I know, I know; it sounds crazy. We’ve all seen The Matrix, and most of us are aware that it’s just science fiction. But this theory isn’t just senseless balderdash. Musk and the others who hold this theory, such as philosopher Nick Bostrom, make fairly compelling points to corroborate their arguments.
At Code Conference 2016, Musk points out the fact that video games have advanced from Pong to 3-dimensional near-realistic graphics in just over 40 years. It follows that in a few more decades, if we continue at our current rate of technological advancement—or in a few millennia, if our advancement slows by a factor of a thousand, but eventually—we will reach the level of technology necessary to create a fully realistic-seeming virtual reality.
One of the strongest counter-arguments to the computer simulation theory, as posited in an IFLScience article, is that running “a truly lifelike simulation of a city, with all its trillions of interactions, would require a city-sized computer.” In other words, the amount of computing power that would be required in order to process all of the human minds that are currently alive—as well as the environment in which we all exist and the visible universe that we can detect—would be impossible to develop.
After a lengthy build up in the paper he wrote on the subject, Bostrom claims that developing the computing power required to allow for the lives of 100 billion people, as well as the surrounding environment, is not actually impossible. It would, however, require a computer with the mass “of a large planet,” which is obviously something that we’re not even close to building.
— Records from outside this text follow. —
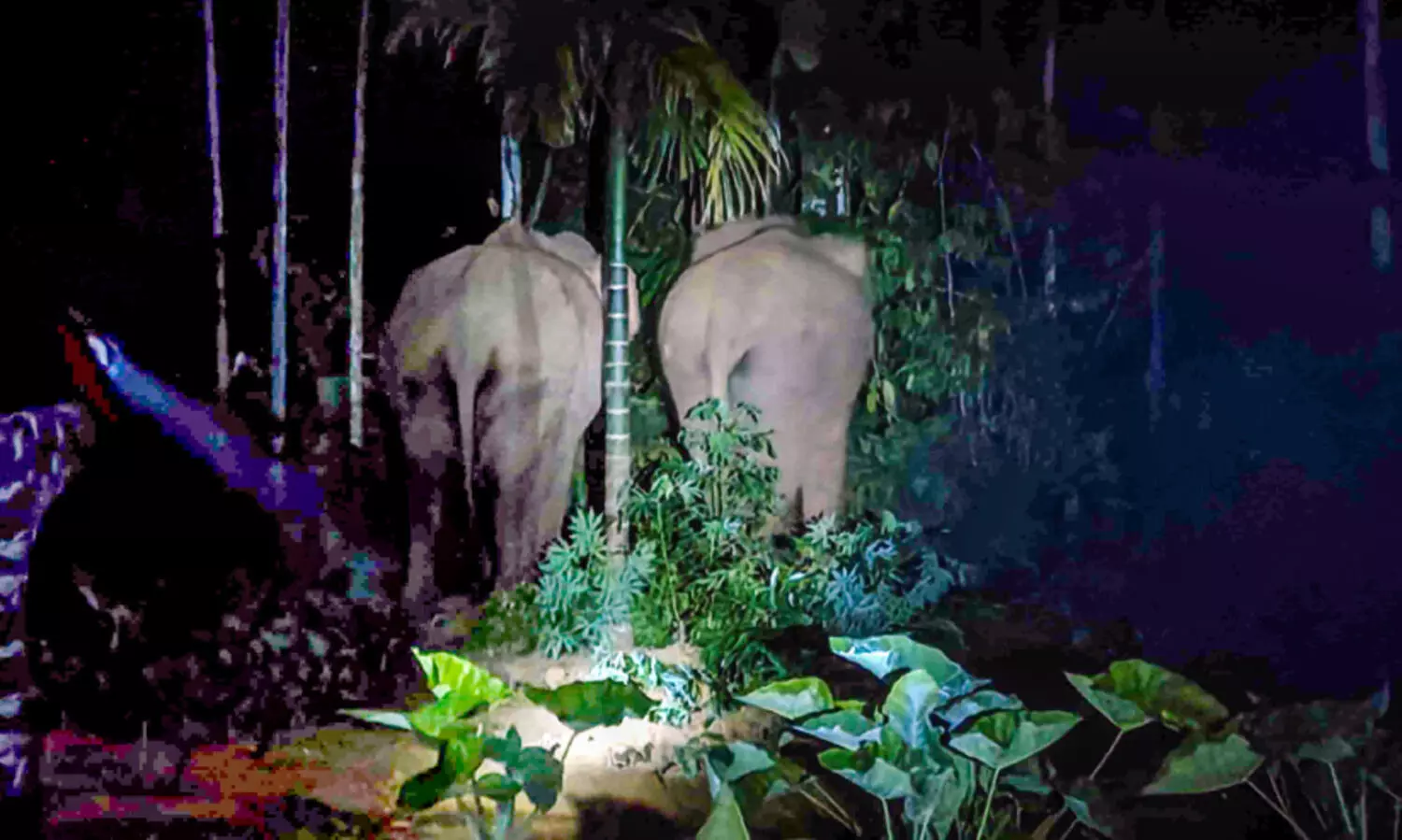 കലിതുള്ളി കാട്ടാന; ഞള്ളൂരിൽ ഉറക്കമില്ലാതെ കുടുംബങ്ങൾ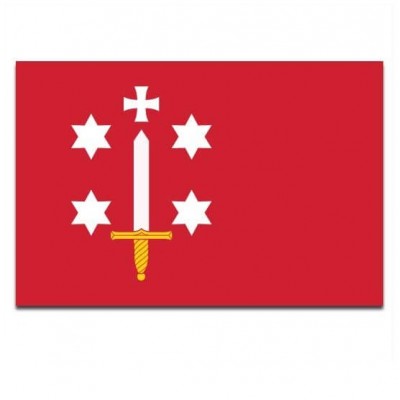 Gemeente vlag Haarlem - 2 Gemeente vlag Haarlem - 2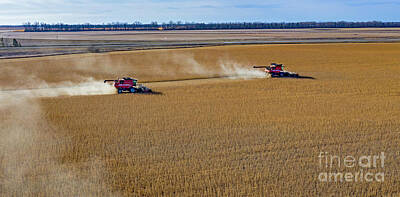 Kitchen Food And Drink Signs - Soybean Harvest by Jim West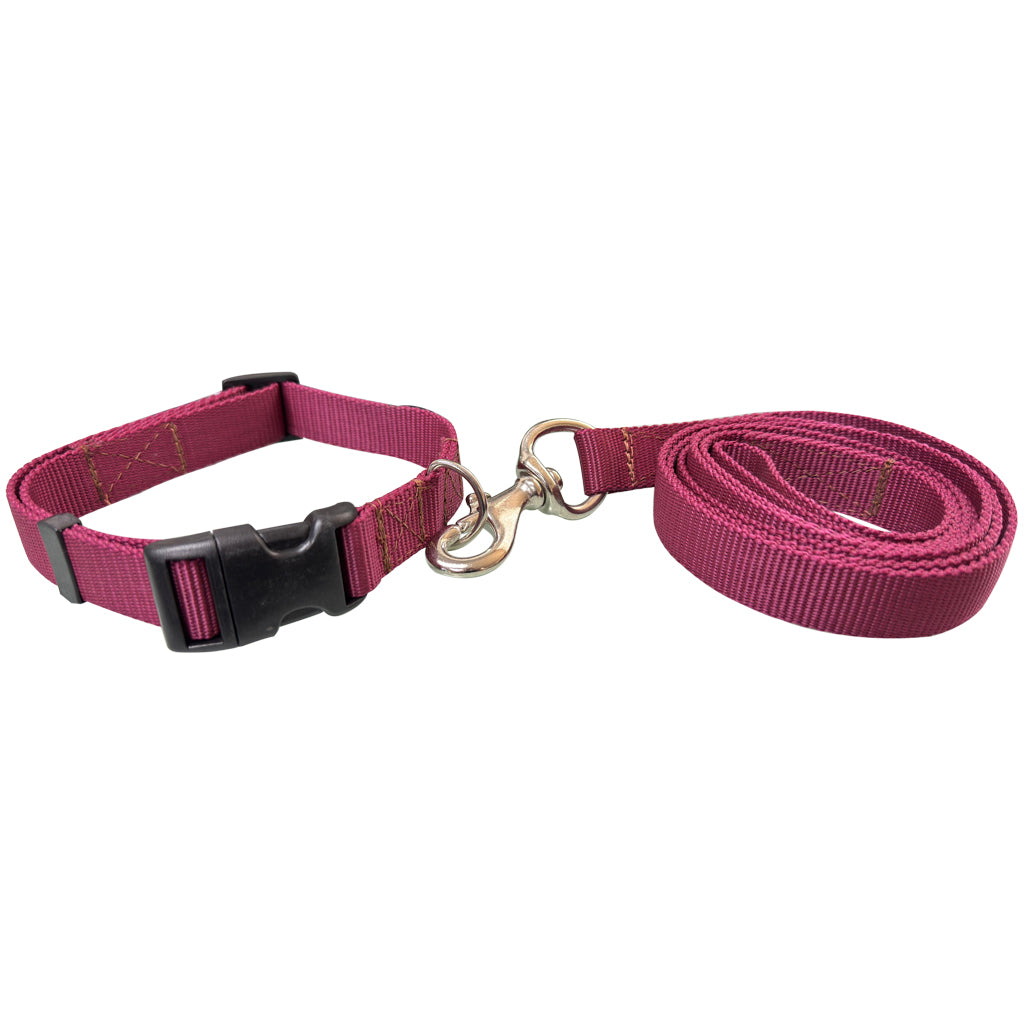 COLLAR CON CORREA #701 PARA PERRO GD 1" POLY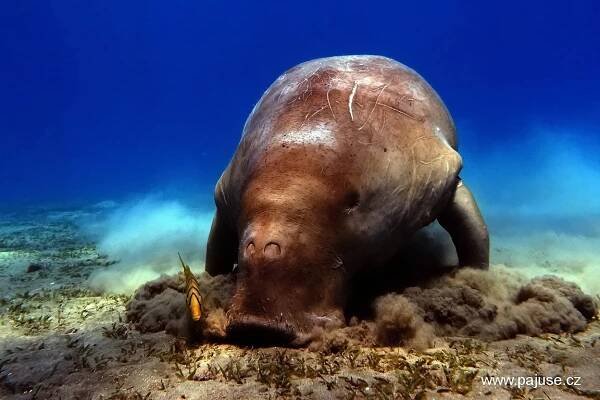 EGYPT - podzim 2012 - DUGONG! - PAJUSE.CZ
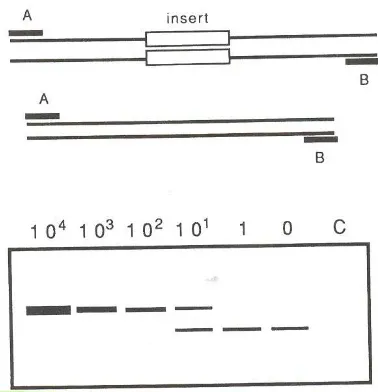 Figure 7: Schematic illustration of quantitative PCR. Above the template from a tissue extract which is amplify by primers A and B and the same template in which an insert has been introduced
He says that the technology will become available eventually, if we are able to survive as a species long enough to become what he calls “posthuman.”
He describes the “posthuman” as those who are alive when “humankind has acquired most of the technological capabilities that one can currently show to be consistent with physical laws and with material and energy constraints.” It will probably take us thousands of years to reach a posthuman state, but Bostrom and Musk both point out that the time-frame doesn’t matter. As long as the possibility of realistic simulations exists, then we are most likely in one.
The reason for this is simple logic. A simulation this advanced contains sentient beings that can create their own simulation; like in the movie Inception, there would be simulations within simulations within simulations. The chances that we are in the base reality rather than in one of the Inception layers is unlikely because there is only one base reality, but many simulated realities. And there would be no possible way to tell the difference.
So what does this mean for us? How do we move forward, knowing that there’s a decent chance that we are in a computer simulation rather than in base reality? Well, we just keep on as if nothing’s changed. Because, if you think about it, nothing has changed. The world is just as real as it always was, and our reasons for living our lives the way we do are still true. We have simply been given a possible answer to the question about life, the universe, and everything. And I, for one, think it’s fascinating.